Which is why I initially found it difficult to remember how I found the time to listen to and select over sixty albums, let alone go to the record shops to buy them – on-line sites like Amazon didn’t even exist in the UK until the following year, nor sold music at all until 1999. I also did a huge amount of travelling, not only by car in the UK but also to the ‘States where I had acquired a large client a couple of years earlier. Which, I then remembered, was where some of the purchases were made – anybody who has experienced the Aladdin’s cave of a US independent music shop will know what the first experience of the sheer range on offer felt like. And I had a good mate over there who knew where the best shops were.

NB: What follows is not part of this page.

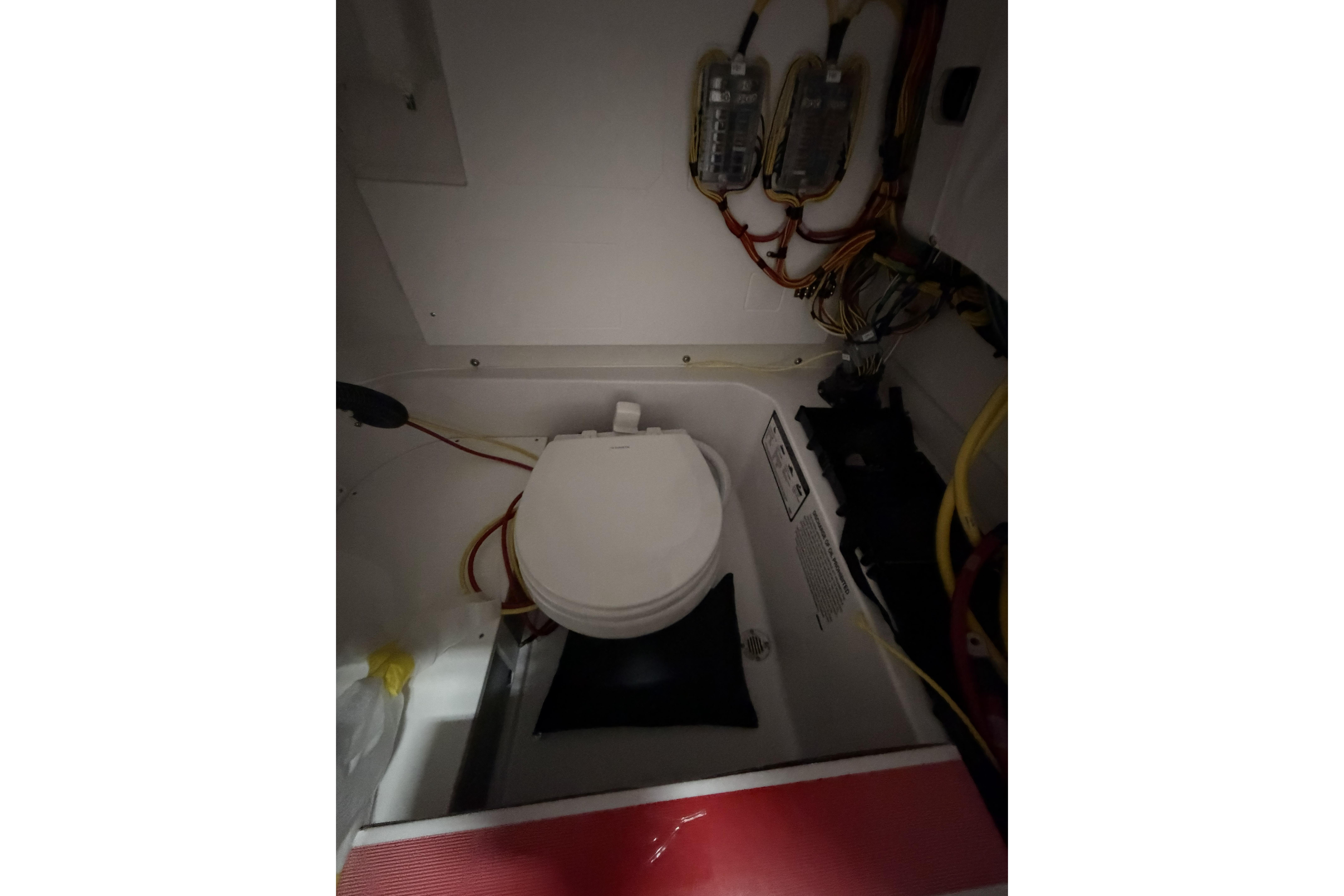 Interior of 2026 Sportsman Open 232 Center Console boat, featuring a compact marine toilet.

But it was on UK radio the previous year that I first heard Mansun, driving home late at night listening to John Peel to be exact – if I had a tenner for every time that happened, etc, etc….. Contemporaneously hearing numerous different tracks on the radio is always the sign of a good album, and I bought this one on that basis immediately it was issued. Regular readers will know how much I like a good concept album, and when I first listened to Attack of the Grey Lantern in its entirety, that is exactly the feel it had – although exactly what that concept may have been was never entirely clear at the time.

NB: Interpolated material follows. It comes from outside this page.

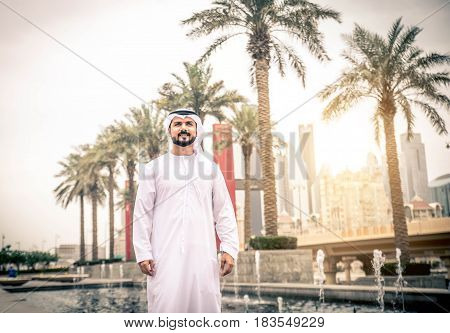 Arabic businessman walks in Dubai at sunset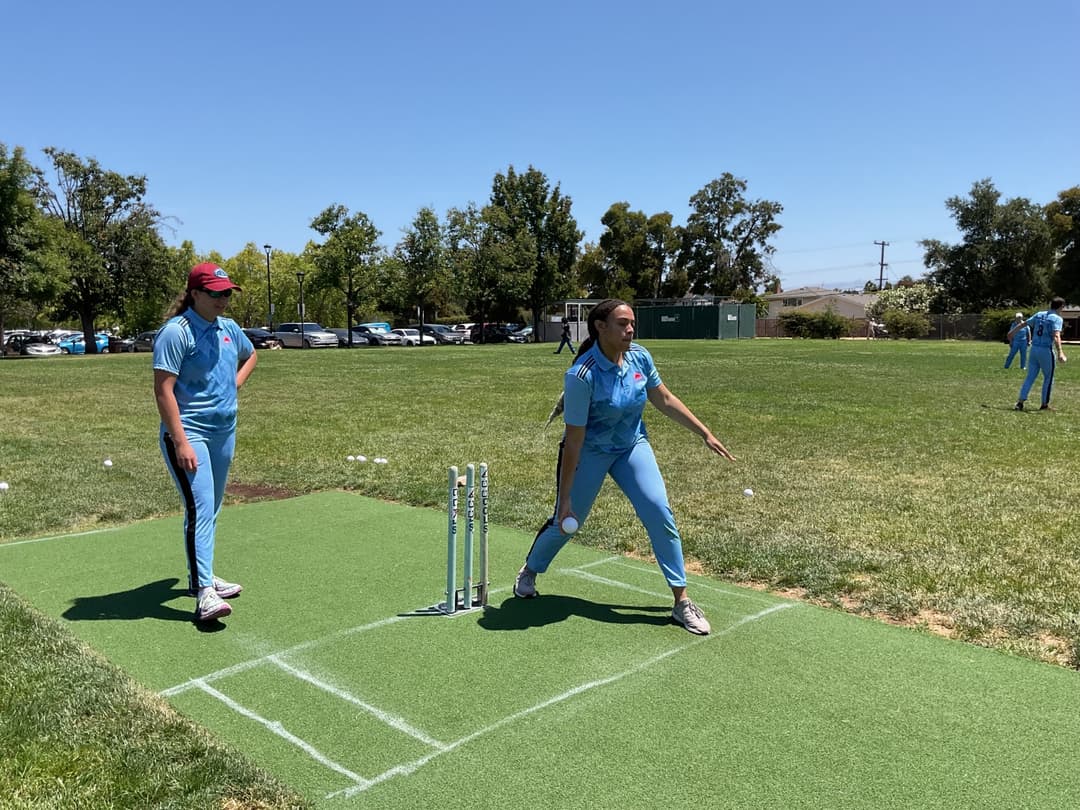 A bowler in the action to bowl, the ball has left her hand. The non striker, couple of fielders and the umpire are also visible in the shot.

Some years later, during an interview, lead singer Paul Draper revealed that, apparently, the ‘Grey Lantern’ of the title was meant to be his superhero alter-ego sorting out a village full of immoral residents – yeah right. And that is where anyone coming to this album over twenty years later may be confused by a lot of the stuff written about it by newbie muso-journalists entranced by Draper’s exposé-style interviews that were more a part of relaunching a solo career that never really took off after the band folded. So, if you’re new to this album, I strongly recommend listening to it a few times and coming to your own view before indulging in the history.
Because musically, the album fulfils all the criteria for a classic – not a bad track anywhere, each sits perfectly in its own space between those on either side and the flow is perfect – on first listening you even left it running after the last track knowing the hidden track obviously had to be there. On release, it went straight to number one in the album chart, an early indicator of the emergence of alternative bands whose music was popularised by small gigs and word of mouth, rather than the tired old pop radio stations who never played them at peak times until they were blind-sided by their success.

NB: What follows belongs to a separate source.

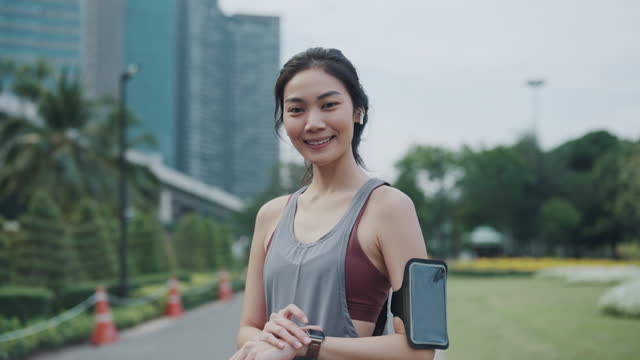 Active Woman Syncs Fitness App with Smartphone Tech in Urban Park.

The line-up for the album recordings was co-founder, songwriter and frontman Paul Draper, co-writer and lead guitar Dominic Chad, co-founder and bass Stove King plus Andie Rathbone, their third drummer, who arrived towards the end of the sessions and ended-up re-recording most of the percussion parts. The album was co-produced by Draper and Ian Caple, the latter also being a newcomer on the scene at the time. Possibly more importantly it was mixed by Spike Stent, who had been around for more than ten years working with the likes of Massive Attack and Depeche Mode, but whose profile was really raised by this project – just look him up to see what albums he has been involved with since that have earned him, among other things, five Grammys.
The album opens with a string intro that morphs effortlessly into an underlying guitar riff that wouldn’t be out of place in a spy movie theme. The Chad Who Loved Me then becomes somewhat of a time-shift mix between pure ancient prog and contemporary Britpop meaning, both then and now, there is plenty enough going on in these opening minutes that is different enough from the run of the mill to make you sit up and listen. As the opening track fades away into strange animal noises, in comes Mansun’s Only Love Song which, like a lot of this album, isn’t what the title might suggest as there is little romance here – unless you class narcicism in that category.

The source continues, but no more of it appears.